Andreas Munch (19 October 1811 – 27 June 1884) was a Norwegian poet, novelist, playwright and newspaper editor. He was the first person to be granted a poet's pension by the Parliament of Norway.

==Personal life==
Munch was born in Christiania, as son of poet, priest and later Lutheran Bishop Johan Storm Munch and his wife Else Petronelle Hofgaard. He was married to Charlotte Amalie Juul from 1844 until her death in 1850. One of his sons also died in 1850, and a second son died a few years later. In 1865 he married Danish citizen Anna Marie Amalie Raben. He died in Vedbæk in Denmark in 1884.

==Career==
Munch made his literary debut in 1836 with the poetry collection Ephemerer (Ephemera). His first play was Kong Sverres Ungdom from 1837, written for the opening of Christiania Theatre´s new building. In 1840 he published the one-act play Donna Clara, set in Spain. He edited the newspaper Den Constitutionelle from 1841 to 1846. His story Den Ensomme. En Sjælehistorie was first printed in Den Constitutionelle in 1846. From 1846 to 1848 he made an educational European tour together with his family, and visited France, Italy, Switzerland and Germany. He published the poetry collection ¨Digte, gamle og nye in 1848, and Nye Digte in 1850. His poetry collection Sorg og Trøst from 1852 was written after the death of his wife and son. In 1866 Edvard Grieg composed music to the poem "Vuggesang" from this collection, published as Opus 9 together with three other songs with text by Munch. In "Vuggesang" the father sings for his newborn son after the mother's death. In the 1850s he wrote three historic plays in verse, Salomon de Caus (1854), En Aften paa Giske (1855), and Lord William Russell (1857).

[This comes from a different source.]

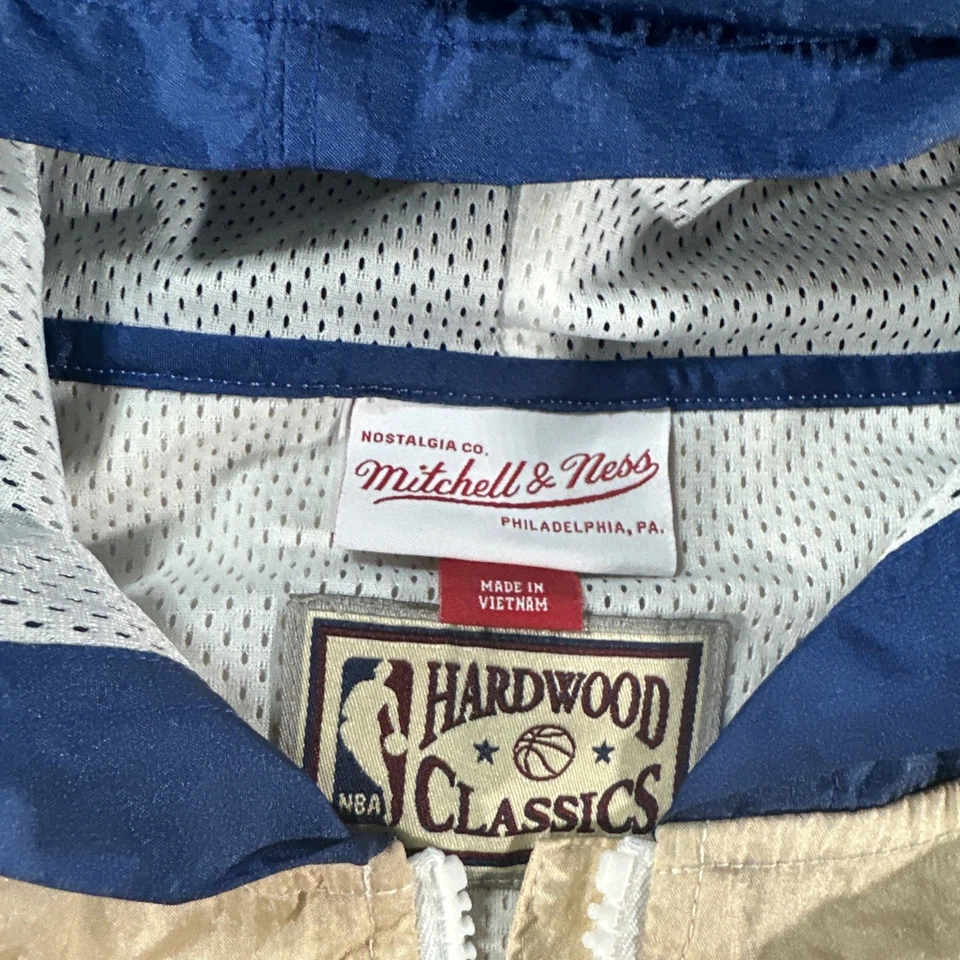 Chaqueta Golden State Para Hombre Grande Azul Amarillo HWC Cortavientos Con Capucha Retro Años 90 NBA Foto 2 de 4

Munch was granted a poet's pension by the Parliament of Norway from 1860, the first as such in Norway, and was titled professor from 1866.

He was decorated Commander, First Class of the Order of St. Olav for literary merits in 1880, and was also a Commander of the Danish Order of the Dannebrog, and a Knight of the Swedish Order of the Polar Star.